It should be noted that, for this document, the only limitation on the outer code is that we consider the class of linear outer codes which choose their variable nodes uniformly at random. These are referred to as random linear outer codes. This limitation simplifies the analysis and design of optimal codes. As will be discussed below, despite the mentioned limitation, the optimal design achieves asymptotic overheads as small as 2%.

SUMMARY OF INVENTION

The present invention provides systems, methods, and devices for encoding and decoding data packets for transmission across a data network. To encode, data packets are first subjected to an outer code process to result in outer coded packets. The outer coded packets are then divided into generations or groups of outer coded packets, each group or generation having an equal number of packets. Output packets are then created by forming linear combinations of the outer coded packets from a specific generation or group of outer coded packets. The coefficients for the various elements of each linear combination are selected from a Galois field of values. To decode the incoming packets, enough packets are received until a full rank linear equation system for one of the generations or groups of outer coded packets is present.

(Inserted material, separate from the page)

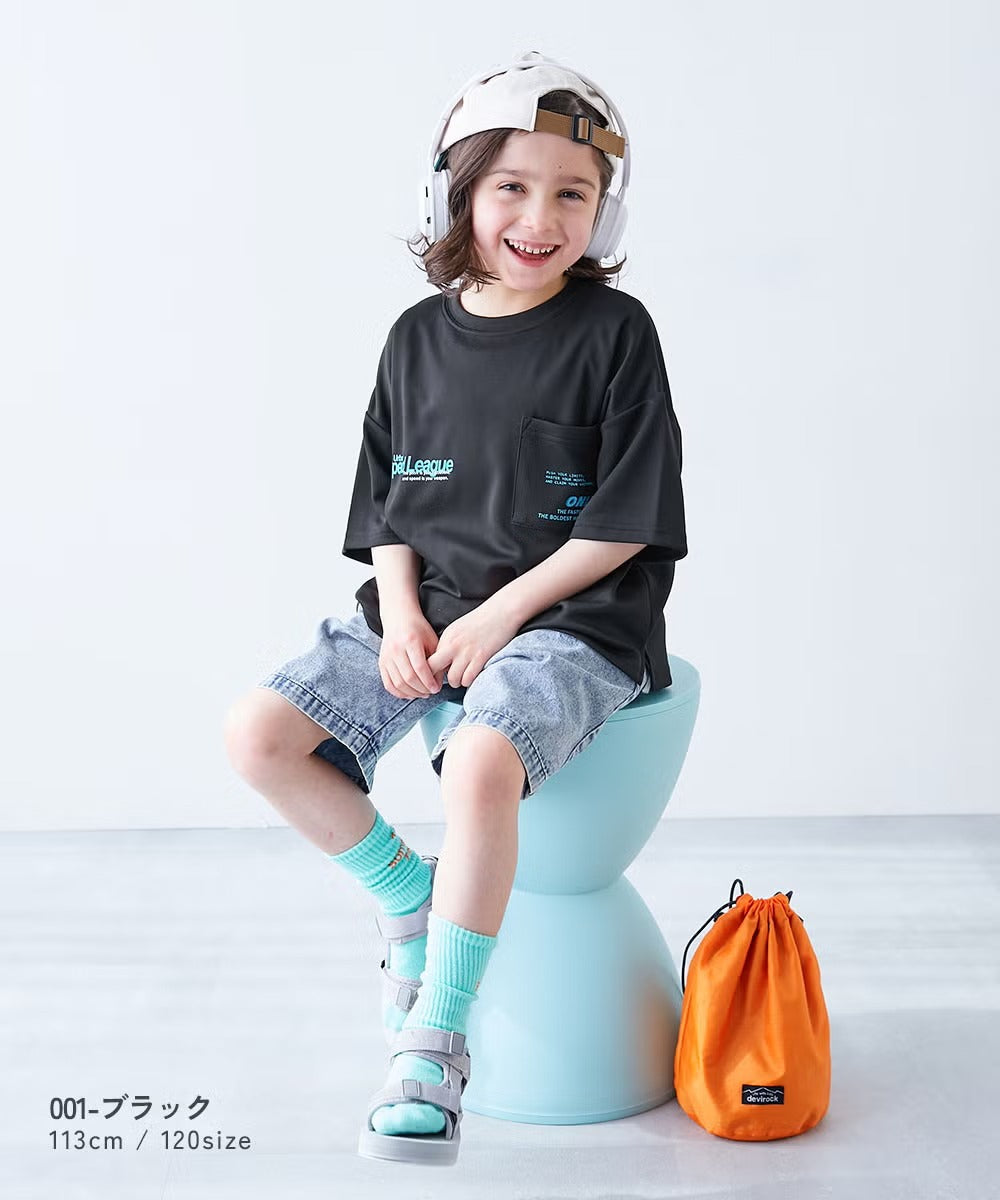 Japanese children's clothing dev!rock waterproof series stand collar thin jacket 100-160cm boys/girls spring and summer outerwear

The equation system can then be solved using Gaussian elimination.

In a first aspect, the present invention provides a method for encoding data packets at a source node prior to transmission to a destination node by way of a computer network, the method comprising:

- a) applying by a processor a linear outer code process to a plurality of data packets to result in a plurality of outer coded packets;
- b) partitioning by a processor said plurality of outer coded packets to result in a plurality of groups of outer coded packets, each group of outer coded packets having an equal number of outer coded packets and each group of outer coded packets having at least 2 outer coded packets;
- c) producing by a processor a plurality of output packets from said groups of outer coded packets, each output packet being a linear combination of outer coded packets from a specific one of said groups of outer coded packets from step b), each output packet being associated with a generation index, said generation index being associated with said specific one of said groups of outer coded packets from step b), each output packet being associated with a specific coefficient vector having elements selected from a finite field, said elements of said specific coefficient vector being coefficients for said linear combination of outer coded packets for said output packet;

wherein

- each output packet is transmitted to said destination by way of said computer network along with said output packet's corresponding coefficient vector and said output packet's corresponding generation index.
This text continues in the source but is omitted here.